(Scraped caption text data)
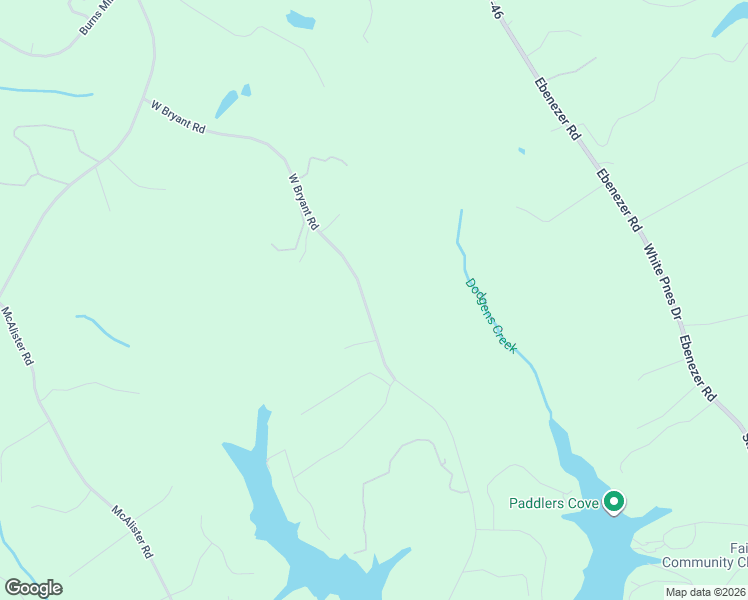 map of restaurants, bars, coffee shops, grocery stores, and more near 381 West Bryant Road in West Union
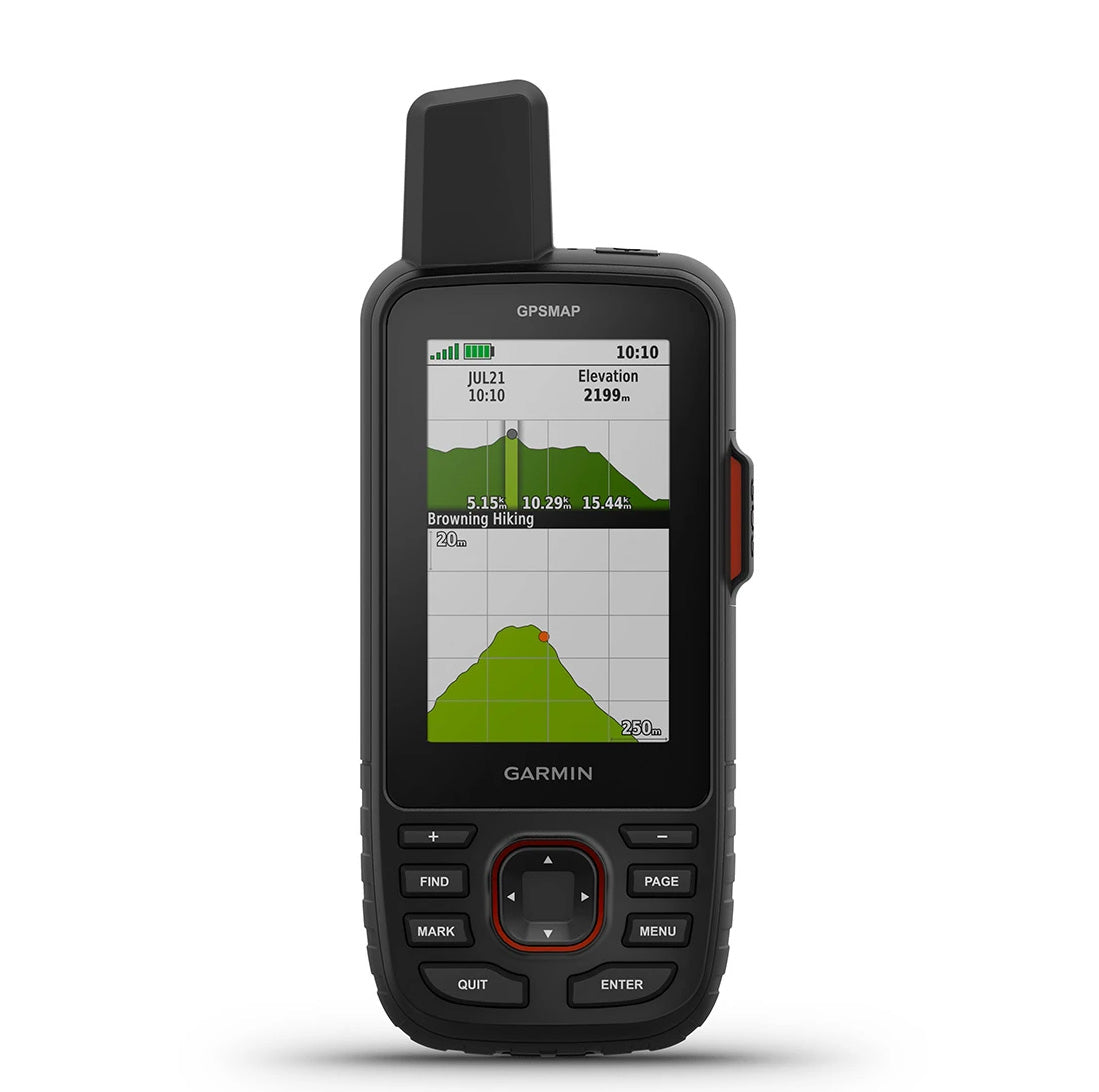 Garmin GPSMAP 67i GPS-käsilaite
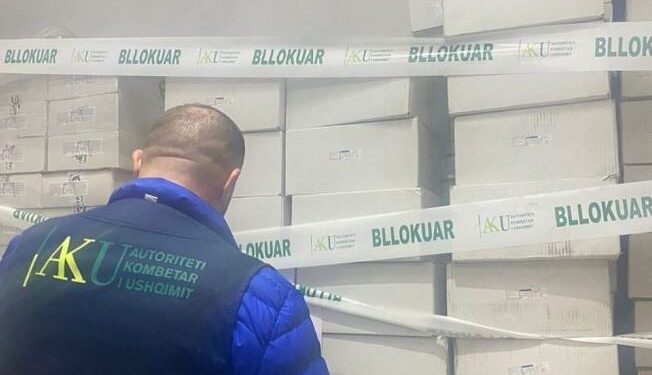 Qumështi “NAN 1 OPTIPRO” i Nestlé, me bakterë, hiqet nga tregu nga AKU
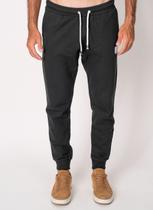 Calça Moletom Aleatory Start Preto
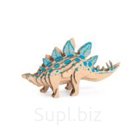 3D-ПАЗЛ «Стегозавр».  Возраст: 5+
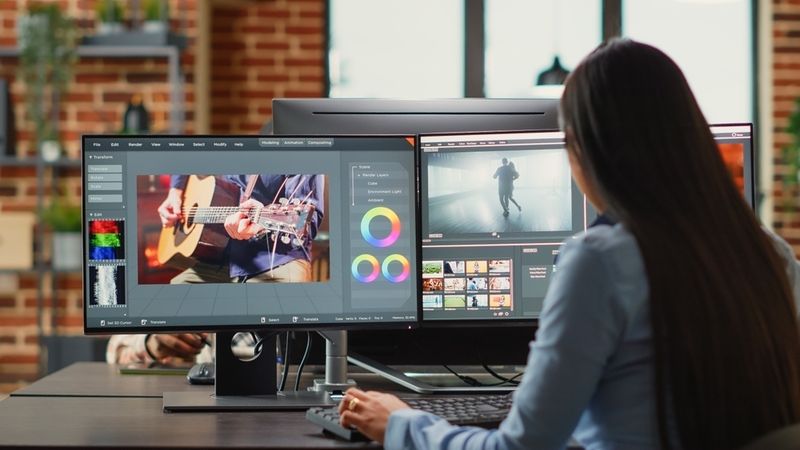 video editing software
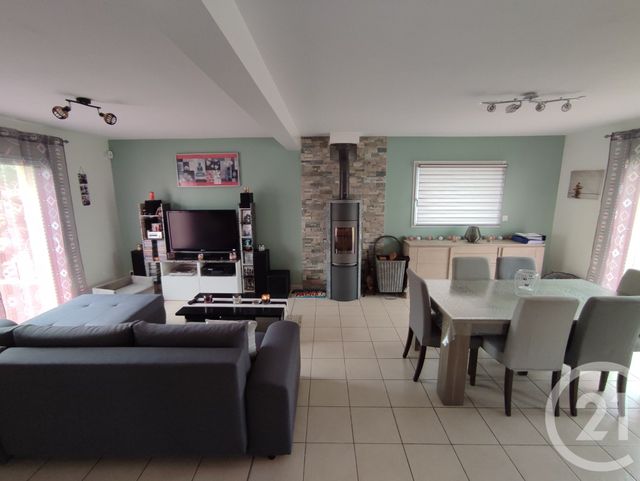 maison à vendre - 6 pièces - 145.62 m2 - VAL D IZE - 35 - BRETAGNE - Century 21 A.I.T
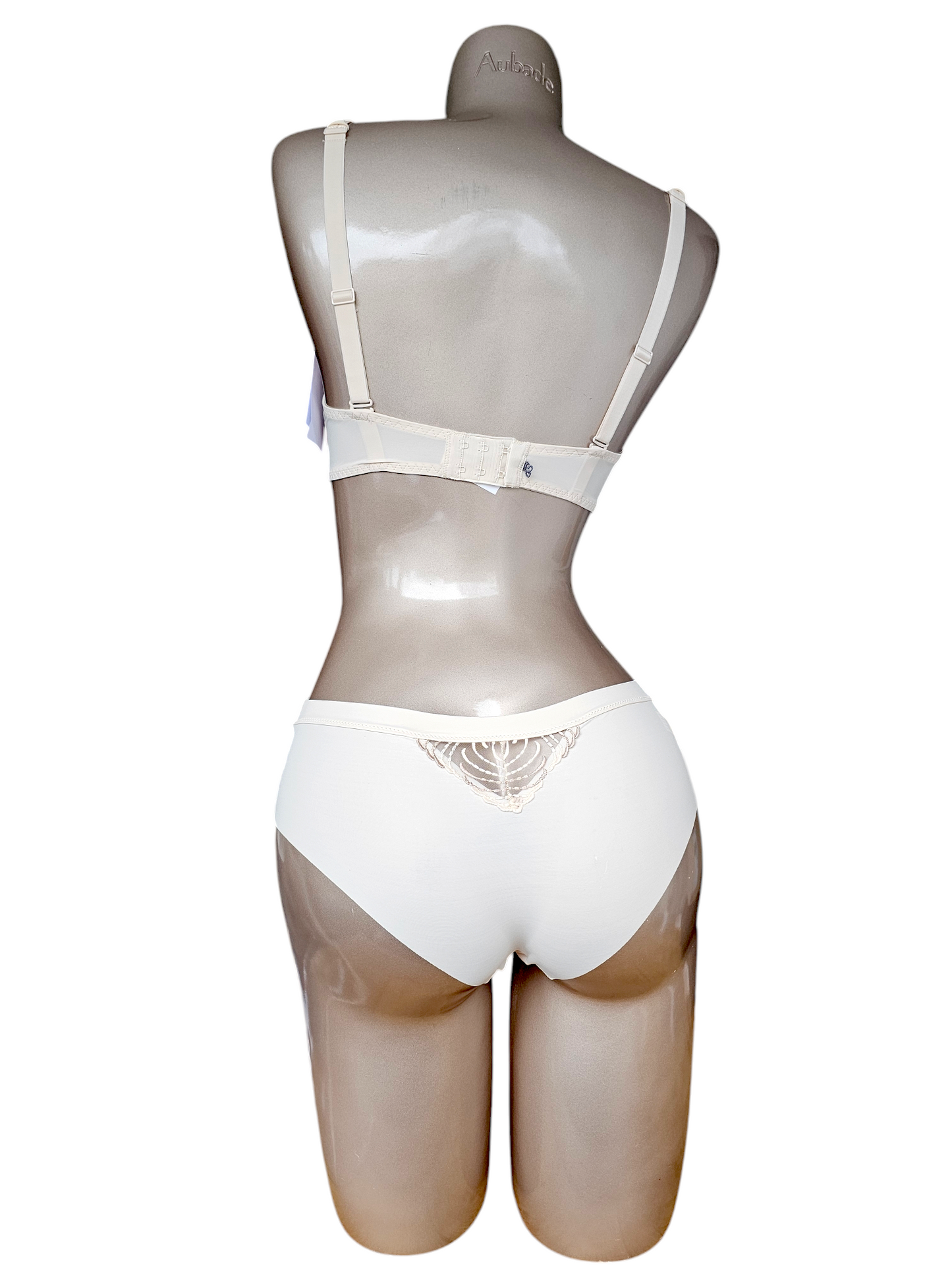 Simone Pérèle - Nuance balconette beige bh set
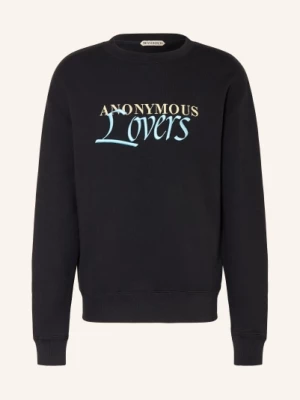 Obrázek produktu Jw Anderson Mikina tmavě modrá / béžová / neonově modrá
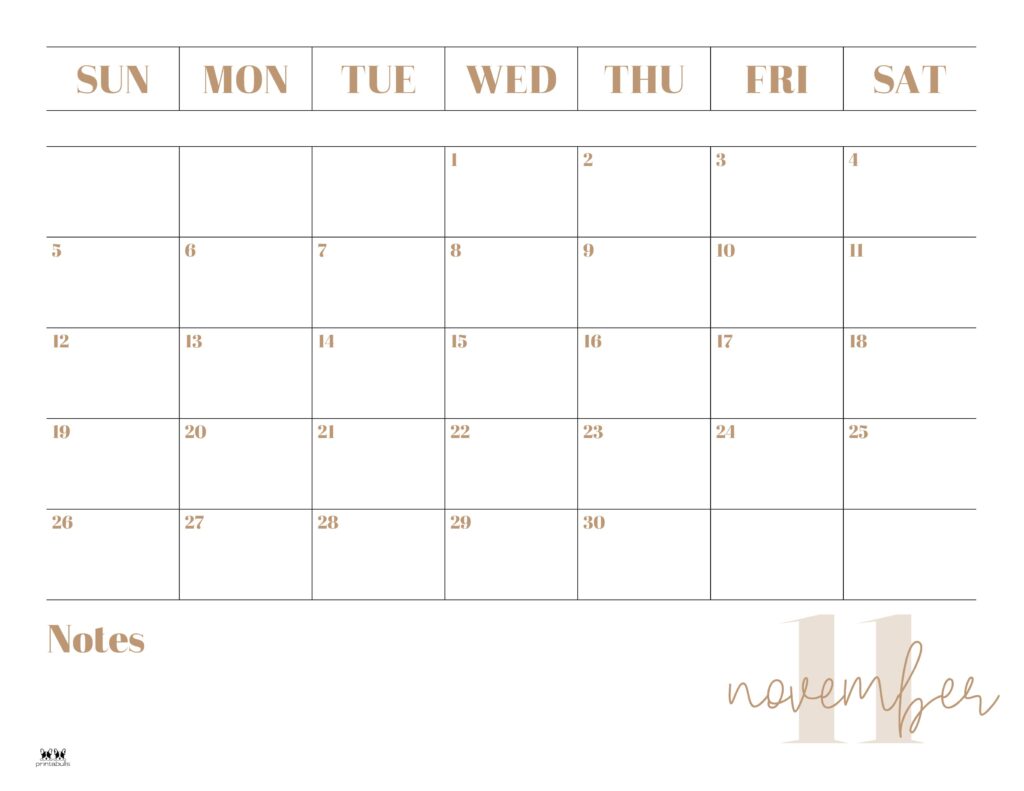 Printable-November-2023-Calendar-2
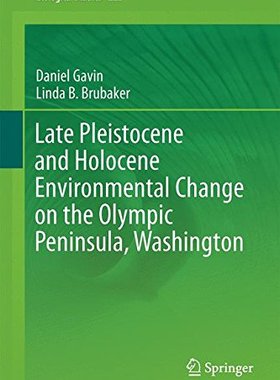 【预订】Late Pleistocene and Holocene Enviro...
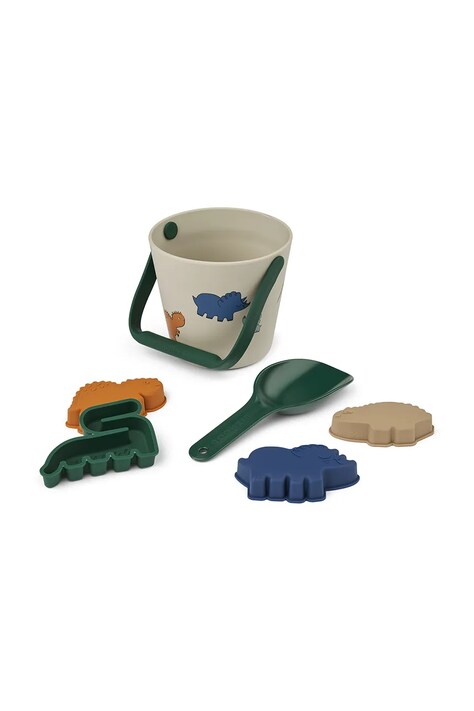Liewood set de jucării pentru plajă Gilma Dino Beach Set LW19714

▶ [PROBLEM REQUIREMENTS]: Write out the records exactly. Do not carry the pictures over.

▶ [RESPONSE TO THE EXERCISE]:
 map of restaurants, bars, coffee shops, grocery stores, and more near 381 West Bryant Road in West Union
 Garmin GPSMAP 67i GPS-käsilaite
 Qumështi “NAN 1 OPTIPRO” i Nestlé, me bakterë, hiqet nga tregu nga AKU
 Calça Moletom Aleatory Start Preto
 3D-ПАЗЛ «Стегозавр».  Возраст: 5+
 video editing software
 maison à vendre - 6 pièces - 145.62 m2 - VAL D IZE - 35 - BRETAGNE - Century 21 A.I.T
 Simone Pérèle - Nuance balconette beige bh set
 Obrázek produktu Jw Anderson Mikina tmavě modrá / béžová / neonově modrá
 Printable-November-2023-Calendar-2
 【预订】Late Pleistocene and Holocene Enviro...
Liewood set de jucării pentru plajă Gilma Dino Beach Set LW19714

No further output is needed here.